**The problem**. The lines to copy run from the one containing "Etiquetas de dirección" to the very end of the records; give them exactly, and only them, without pictures.

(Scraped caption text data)
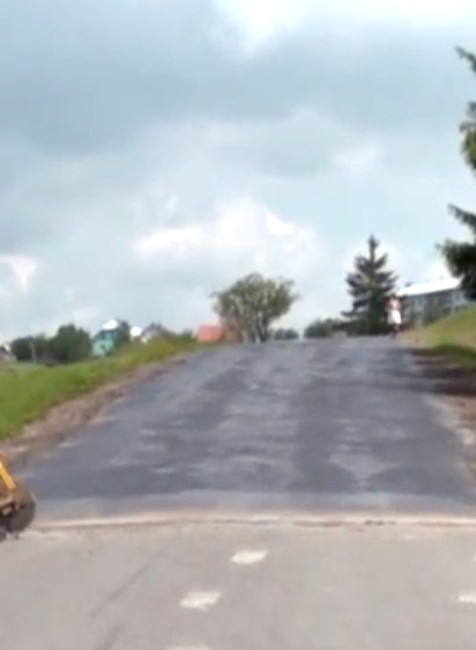 V jednej hladký asfalt v druhej tankodrom. Sú obce, kde pre jeden výtlk položia nový koberec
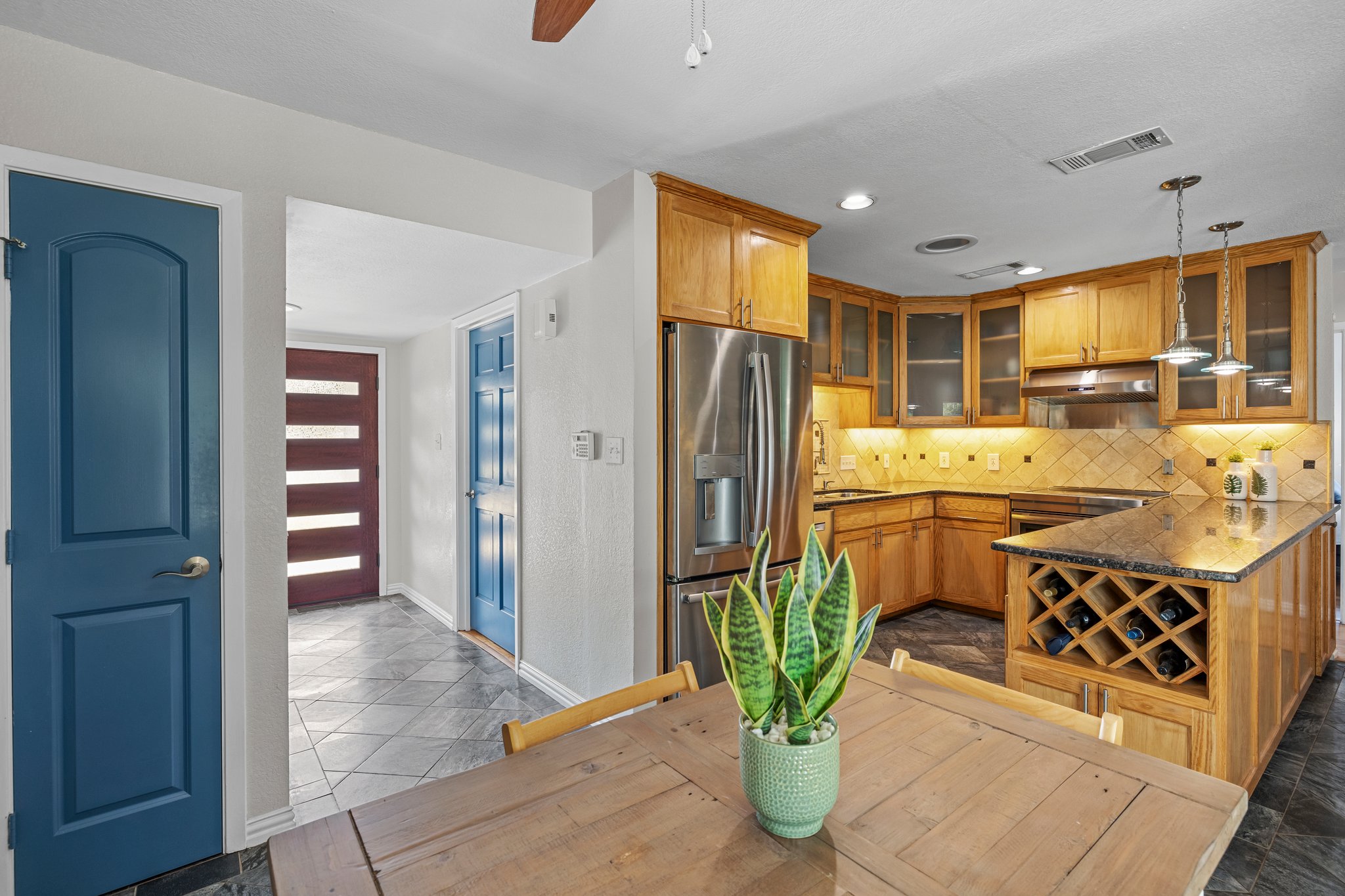 main property photo 9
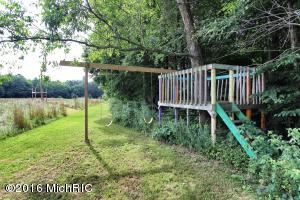 3555 Maple Leaf Ln, Hamilton, MI 49419 photo 40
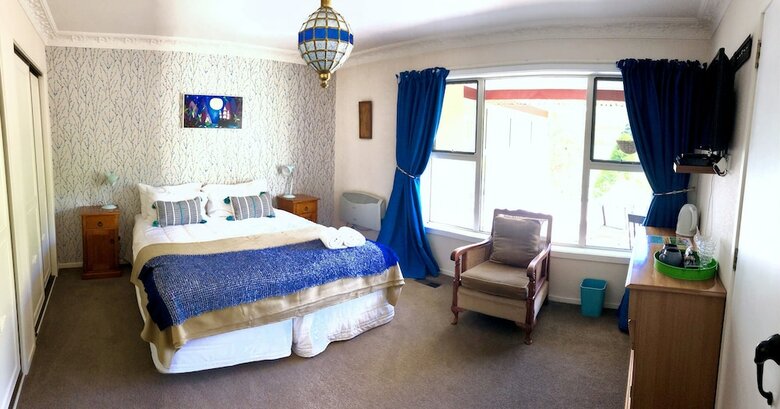 Bed & Breakfast Castle Hill Lodge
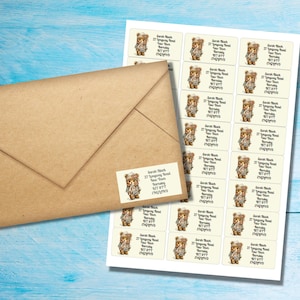 Etiquetas de dirección de remitente de osito de peluche envuelto, 24 etiquetas autoadhesivas por hoja, pegatinas rectangulares de 63,5 x 33,9 mm para cartas a amigos por correspondencia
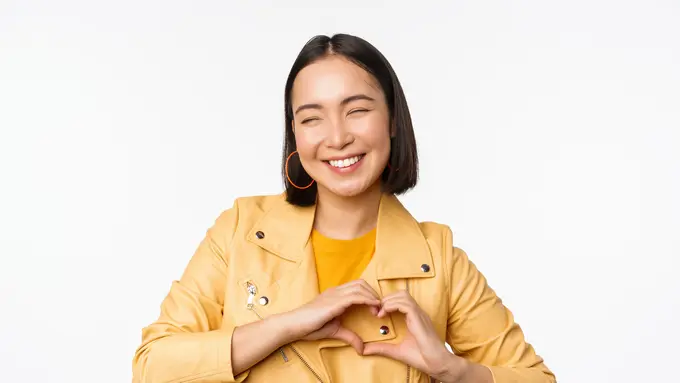 Ilustrasi perempuan yang mudah buat orang jatuh cinta/freepik.com/benzoix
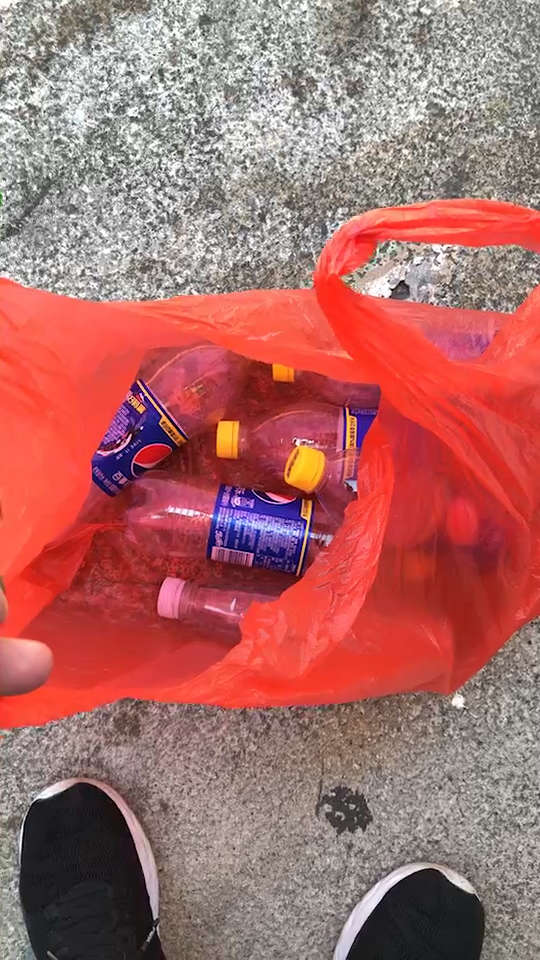 这个天,捡瓶子太热了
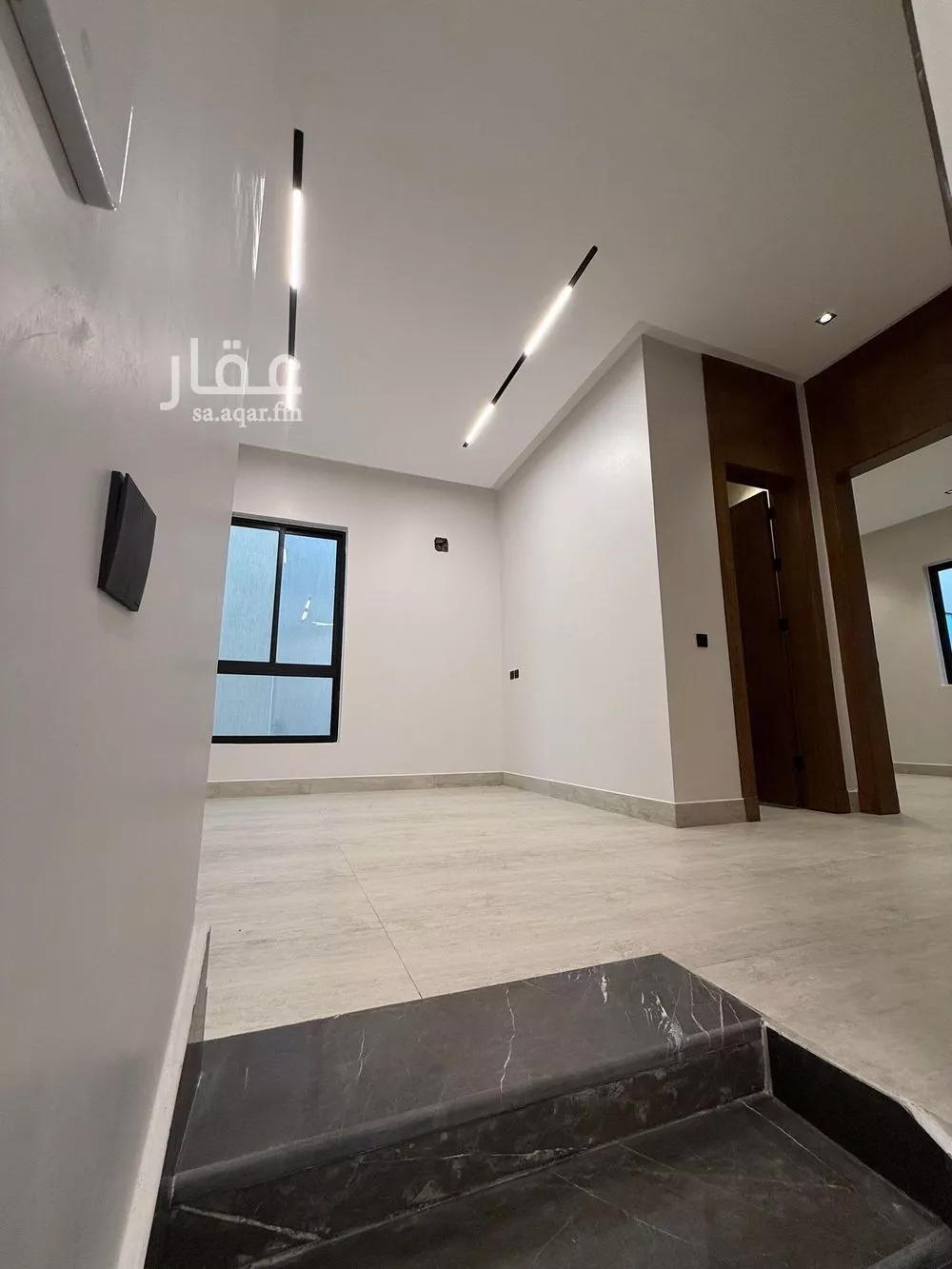 فيلا 8 غرف في الشرق 12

**Answer to this exercise**.
 Etiquetas de dirección de remitente de osito de peluche envuelto, 24 etiquetas autoadhesivas por hoja, pegatinas rectangulares de 63,5 x 33,9 mm para cartas a amigos por correspondencia
 Ilustrasi perempuan yang mudah buat orang jatuh cinta/freepik.com/benzoix
 这个天,捡瓶子太热了
 فيلا 8 غرف في الشرق 12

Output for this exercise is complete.